Another girl who rode Maude, I got a few really nice pictures of the two of them. The girl was very nervous but did exceptionally well!










This is Dora, aka Gentlemen Prefer Blondes, she's my trainer's horse, a stunning palomino mare.






Bing, aka Authentic, he's also at the same barn, his rider is the best at the barn, I could watch her ride all day.











Maude






Thanks for looking! Very proud of 'my' girl!





(I do have permission to post.)

Rebecca


----------



## barnbum (May 31, 2009)

What fantastic photos!! You look like a natural up there.

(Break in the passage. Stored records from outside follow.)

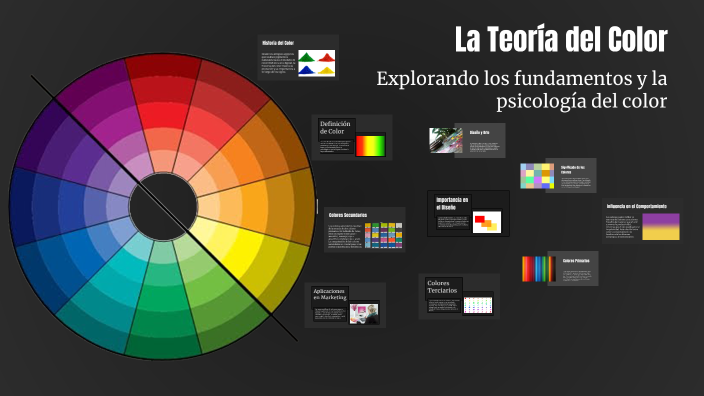 La Teoría del Color by Alonso Mtz on Prezi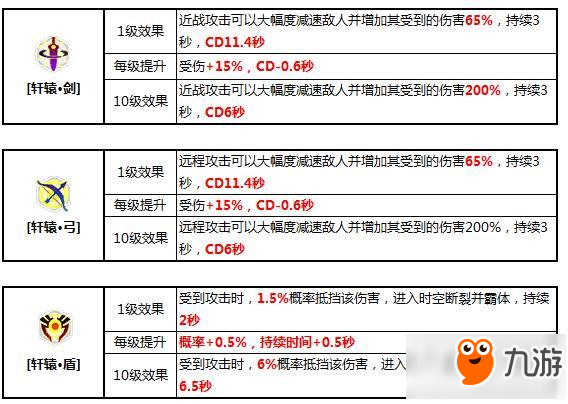 崩坏3新版矩阵BUFF推荐 轩辕系列BUFF分析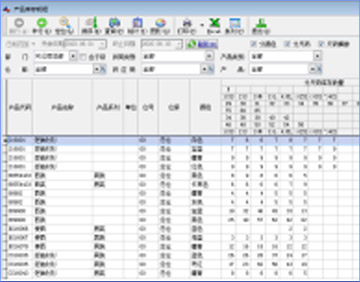 服装企业ERP解决方案3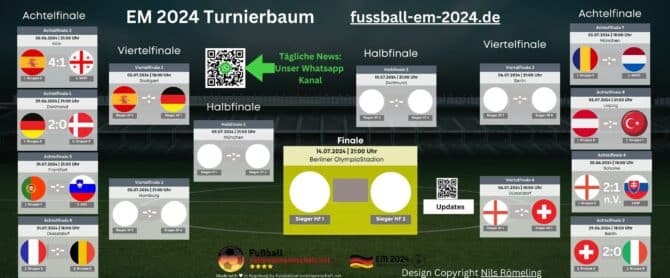 EM 2024 Turnierbaum - Wann spielt Deutschland wieder?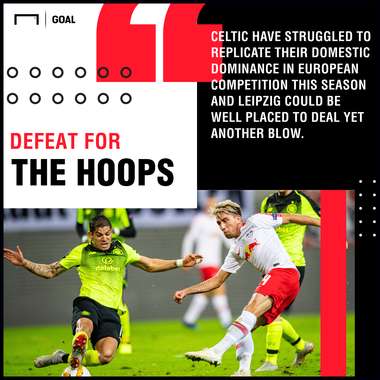 Celtic RB Leipzig graphic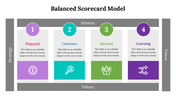 479117-balanced-scorecard-model-ppt-download-11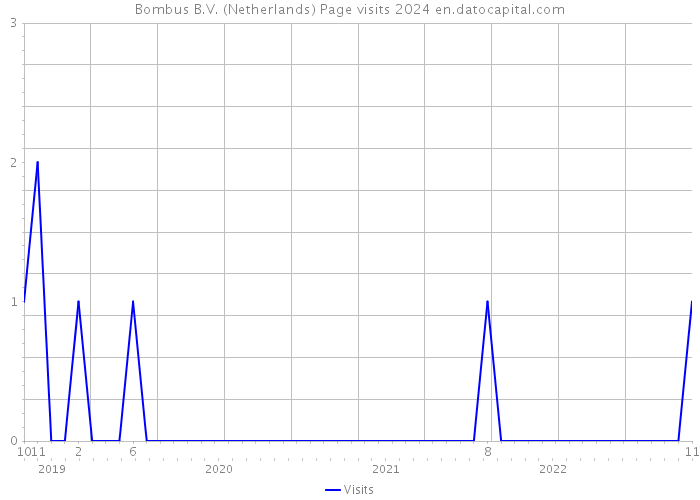 Bombus B.V. (Netherlands) Page visits 2024 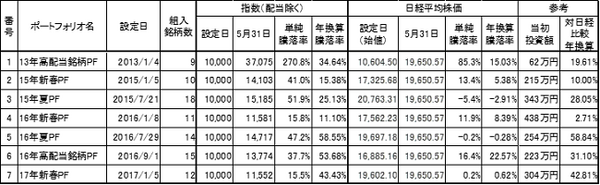 [PR]【長期個別株投資マスター講座　7/2　8/12、13（大阪）】　あなたもできます。今年の夏は株式投資！
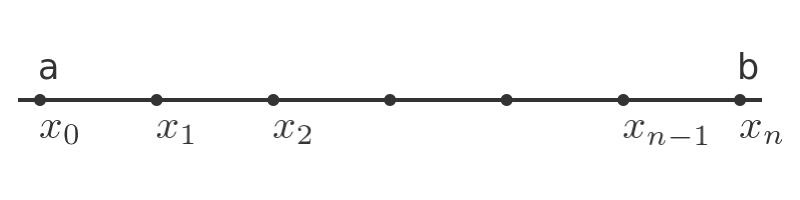 Rectangular approximation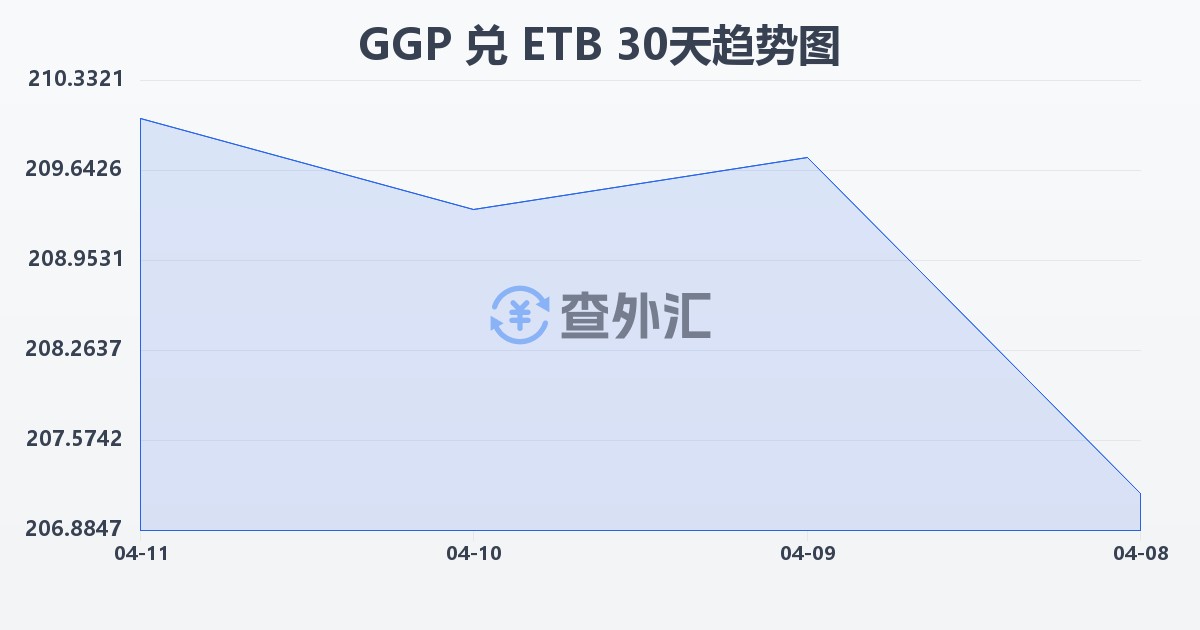 根西岛镑兑埃塞俄比亚比尔(GGP/ETB)近30天汇率走势图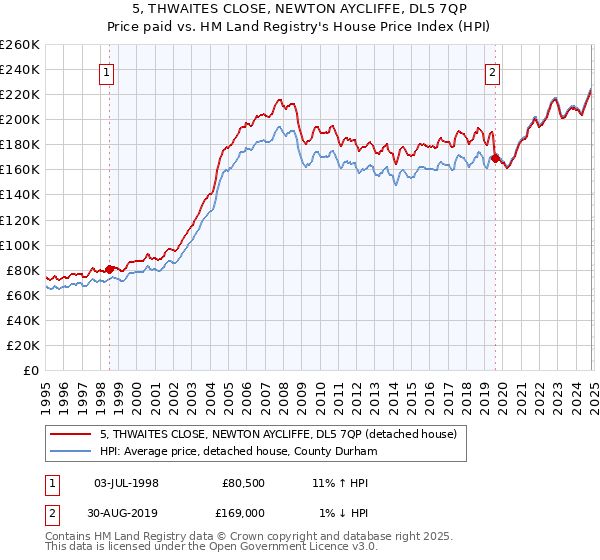 5, THWAITES CLOSE, NEWTON AYCLIFFE, DL5 7QP: Price paid vs HM Land Registry's House Price Index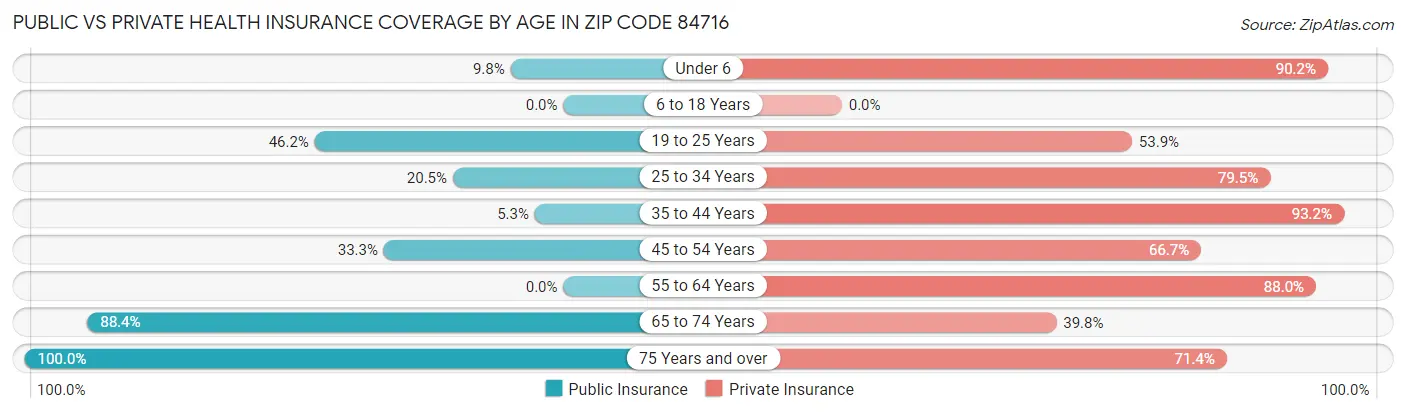 Public vs Private Health Insurance Coverage by Age in Zip Code 84716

I never tired of watching big horse shows. Thanks for the photo treat.


----------



## luv2ridesaddleseat (May 31, 2009)

Great job Becca!!!! You two look AWESOME!!!!!!! Someday I'm going back to showing big horses again! I love it and miss it! My mare will love it to!!!


----------



## Jill (May 31, 2009)

Those pictures are great!!! You look very good as a rider


----------



## Indian*R*A*I*N*Dance (May 31, 2009)

great job!! i was asked to do a show on saturday, riding a tb, but i didnt feel ready enough as im still afraid of tb's. haha.

shes gorgeous!


----------



## ThreeCFarm (Jun 1, 2009)

You look great!! Congratulations!


----------



## jleonard (Jun 1, 2009)

Congratulations! Maude is a beautiful mare, you two are going to have such fun togeather!


----------



## ILOVEMYHORSECOMANCHE (Jun 2, 2009)

Becca you look great! Im so proud of you



I hope to get to go to one of your shows cuz i used to show and i miss that atmosphere! I would like to get into showing again as well



Congrats and keep up the hard work!


----------



## AppyLover2 (Jun 3, 2009)

Your horse is gorgeous and I agree with everyone....you 2 look like a winning team.


----------